Last Updated: 14 July 2017
Article by Douglas G. Smith and Mark J. Gilligan

The United Arab Emirates (UAE) has a new Commercial Companies Law (Federal Law No. 2 of 2015), enacted on 1 April 2015, which came into force on 1 July 2015. The law completely replaces the Commercial Companies Law which had been in place since 1984 (Federal Law No. 4 of 1984).

While the new law was highly anticipated and expected by many market practitioners to usher in a complete overhaul of prevailing corporate governance and structuring regimes in the UAE, the change has been less dramatic than expected. However, there are a number of significant changes which market participants and potential market entrants should be aware of. The law does pave the way for a more flexible regime allowing for the authorities to pass supplemental regulations to provide for additional flexibility in the future, including in relation to the operation of free zone entities in the UAE and also the introduction of multiple share classes for UAE limited liability companies.

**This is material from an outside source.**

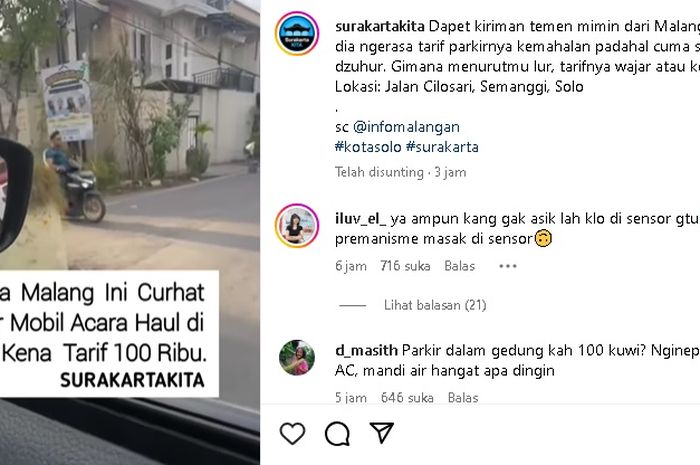 Viral pemilik mobil kena getok parkir Rp 100 ribu di Solo saat ada acara Haul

Here are a number of the key changes:

  1. "Excluded Companies Register" and Exempted Companies: The new law specifically excludes a number of companies from its application. These include companies formed by Resolution of the Federal Cabinet or companies owned wholly by the UAE Federal Government or the Government of any of the seven Emirates and any companies owned by such companies, provided that, in each case, a specific provision excluding the company from the application of the new law is included in its Articles of Association. The Article also makes mention of an "excluded companies registry" to be maintained by the Ministry of Economy, ESCA or local authorities in each Emirate, with whom exempted companies are required to register and periodically renew their registration (likely annually). We understand that no excluded registry has been established to date, however our discussions with Federal Authorities working closely on the implementation of the new law indicate that all procedural aspects of the implantation process will likely be available within one month of the new law becoming effective.
  2. Changes in Rights of Preemption: The old law contained preemption rights pursuant to which, if a shareholder in a limited liability company wished to sell his shares, he needed to first offer them for sale to the existing shareholders at an agreed price and, failing agreement, at a price determined by valuation. The new law maintains this provision with a few refinements. The new law essentially repeats the rule but provides that in the event of disagreement over the preemption purchase price the price will be determined by one or more experts with proper technical and financial experience in valuation (under the old law the price was to be determined by the auditors of the company, arguably favoring the remaining shareholders). Further, the new law provides that where more than one remaining shareholder takes up the offer, they are to purchase pro-rata to their existing shareholdings in the company (the old law was silent on what occurred in this contingency). Finally, the new law provides that the preemption right remains open to the remaining shareholders for a period of 30 days from the date on which the Manager of the company is notified of the price. The old law also specified a 30-day period but failed to indicate when it commenced, leading to some disputes.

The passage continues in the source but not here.